Les stades font le plein !
Aux États-Unis et en Angleterre, les passionnés de la discipline se rendent massivement dans des stades pour suivre les exploits. En 1875, dans le New Jersey, est même organisée la première d’une longue série de « courses de 6 jours » : les concurrents tournent sur une piste de 200 mètres pendant 144 heures d’affilée, le tout dans une ambiance bruyante et enfumée. En 1880, la course est même la discipline sportive la plus suivie du pays, déchaînant les passions et faisant s’envoler les montants des paris, avant que la législation ne vienne l’interdire, estimant qu’elle ne respecte pas le bien-être des participants.
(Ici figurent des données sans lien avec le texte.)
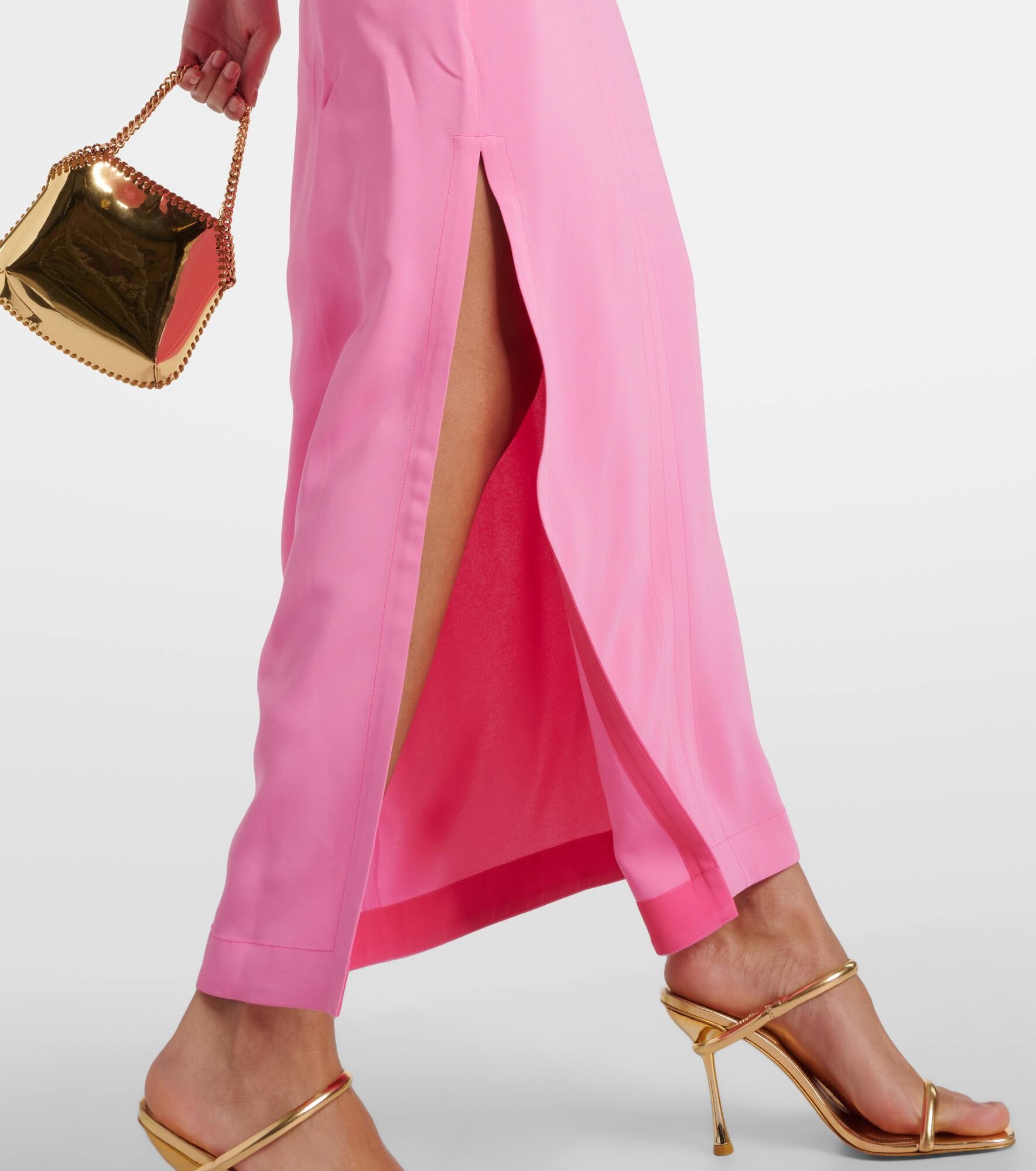 Gathered maxi dress - 5
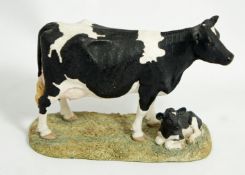 Border Fine Arts Figure Fresian Cow and Calf B160 11cm in height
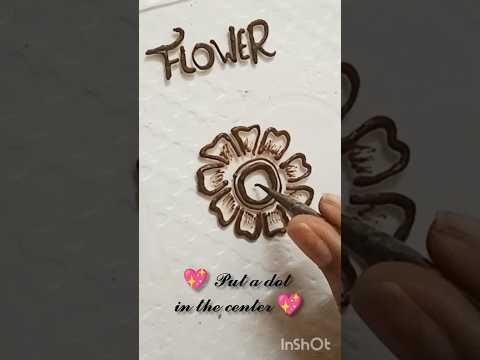 Creative Mehendi Art: Flower Design in Minutes!🌸#mehendibytejuu ❤️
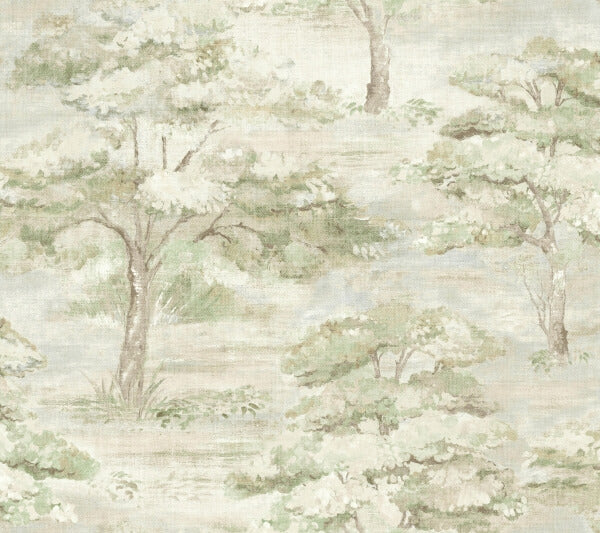 Moreno Green Woodland Wallpaper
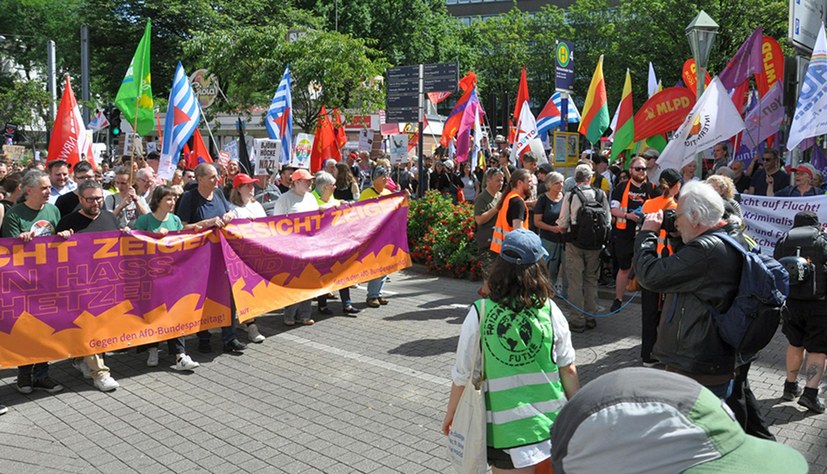 70.000 Menschen waren am Wochenende in Essen gegen AfD und Faschismus auf der Straße
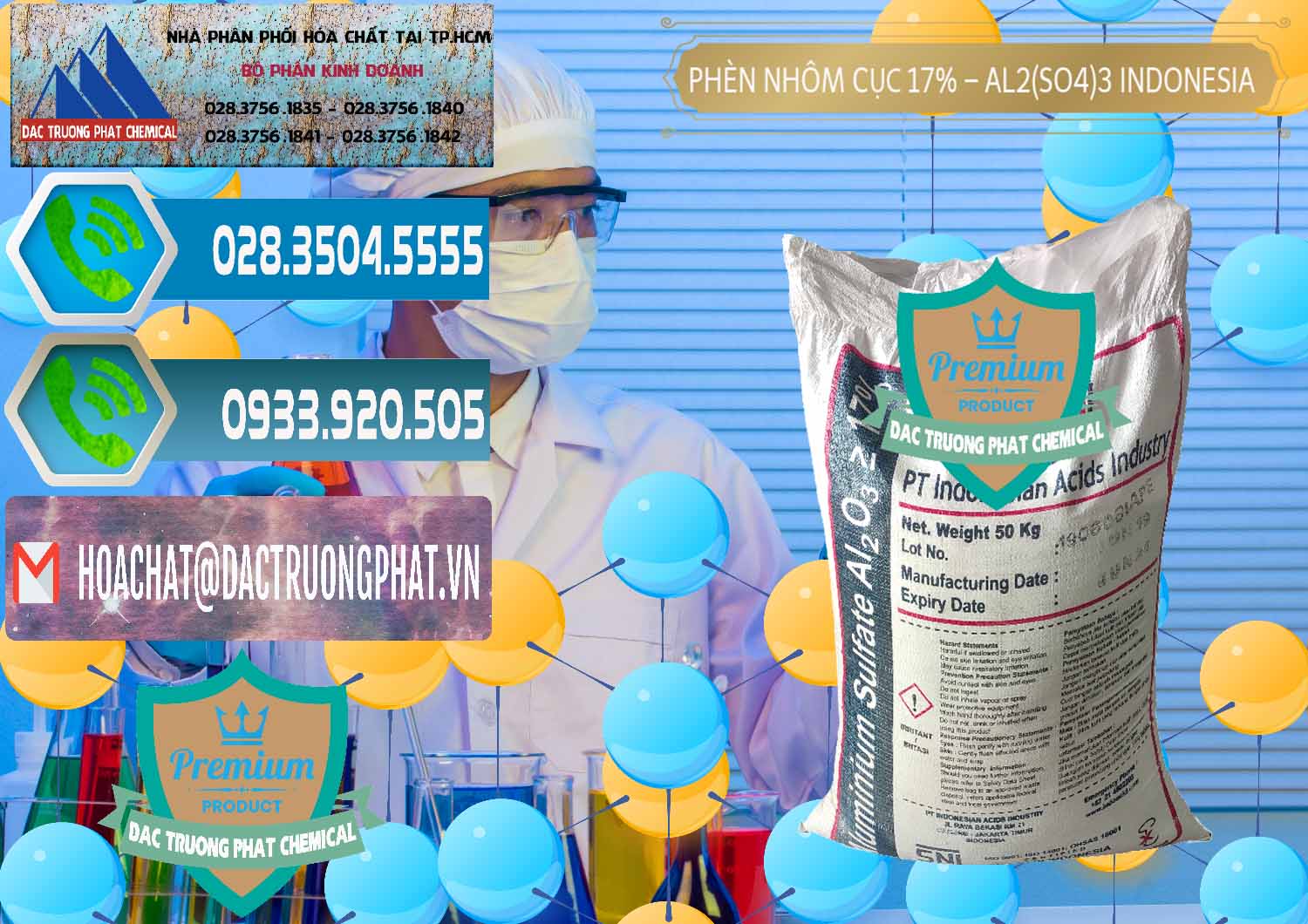 Nơi nhập khẩu & bán Phèn Nhôm Cục - Al2(SO4)3 17% bao 50kg Indonesia - 0113 - Công ty phân phối ( cung cấp ) hóa chất tại TP.HCM - congtyhoachat.net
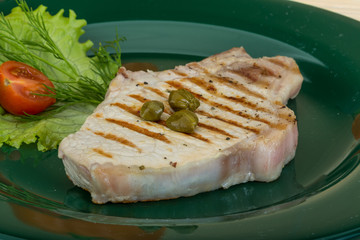 Grilled t-bone steak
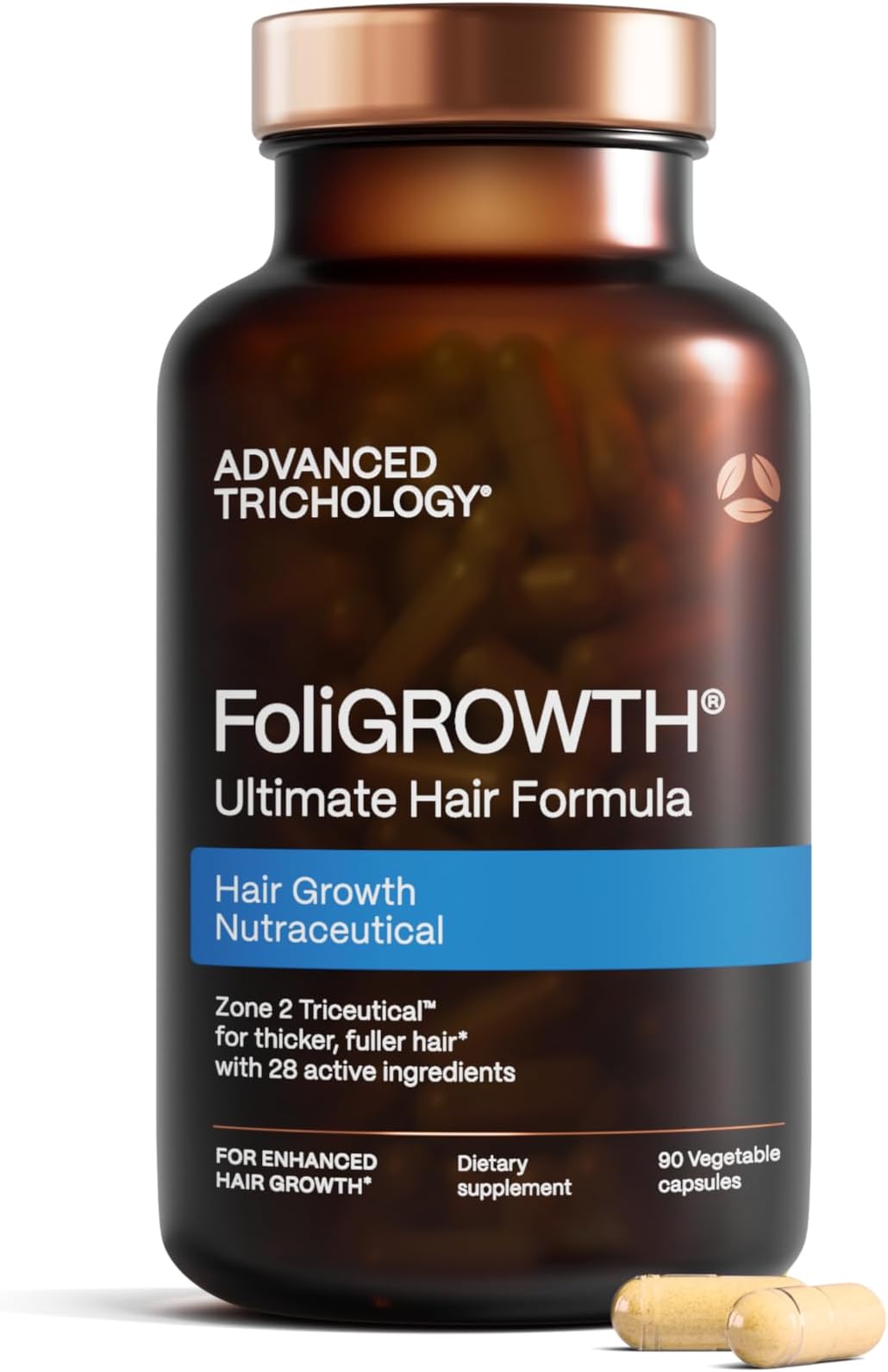 FoliGROWTH® Hair Growth Supplement for Women & Men | For Thicker, Fuller Hair | American Hair Loss Association Approved | Supports Thinning Hair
Foster Powel, chapeau l’athlète !
Parmi les grandes vedettes de l’ultra-endurance de l’époque, Foster Powell a un parcours atypique. Né en 1734 au nord de l’Angleterre, le jeune Foster ne fait pas sensation dans son village. On le décrit comme un garçon banal, discret et plutôt asocial. La seule chose remarquable chez lui est son endurance. C’est cette aptitude exceptionnelle qui fera de l’homme ordinaire une star. Alors qu’il travaille à Londres comme notaire, ses collègues se moquent sans cesse de ses manières. Un jour, alors qu’ils s’enquièrent de ce que ce dandy timide prévoit pour le samedi suivant, il répond qu’il compte faire l’aller-retour à pied jusqu’à Windsor, soit près de 80 km, ce qui provoque la moquerie générale. Vexé, Powell les met au défi de l’accompagner. Deux d’entre eux acceptent ; le premier le suivra pendant 10 km, le second 20 avant d’abandonner à son tour. Ceux-là mêmes qui le raillaient font alors la promotion de son exploit, et il rejoint rapidement le cercle des pedestrians les plus célèbres du XVIIIe siècle.
Déjà une certaine science de l’endurance
L’homme longiligne aux mollets robustes, toujours élégamment – quoique lourdement – vêtu, est reconnaissable à son chapeau qui ne le quitte jamais. Mais si sa tenue est loin d’être idéale pour la pratique sportive, ses habitudes démontrent déjà une certaine science de l’endurance. Ainsi, lors de ses parcours, jamais il ne mange pas de viande et chacune de ses pauses rafraîchissement est savamment planifiée. Sur son parcours favori, Londres-York aller-retour, soit près de 650 km, il réalisa à l’âge de 58 ans un temps record de 5 jours, 15 heures et 15 minutes. Contrairement à d’autres pedestrians de son époque, Powell mourra dans le dénuement le plus total.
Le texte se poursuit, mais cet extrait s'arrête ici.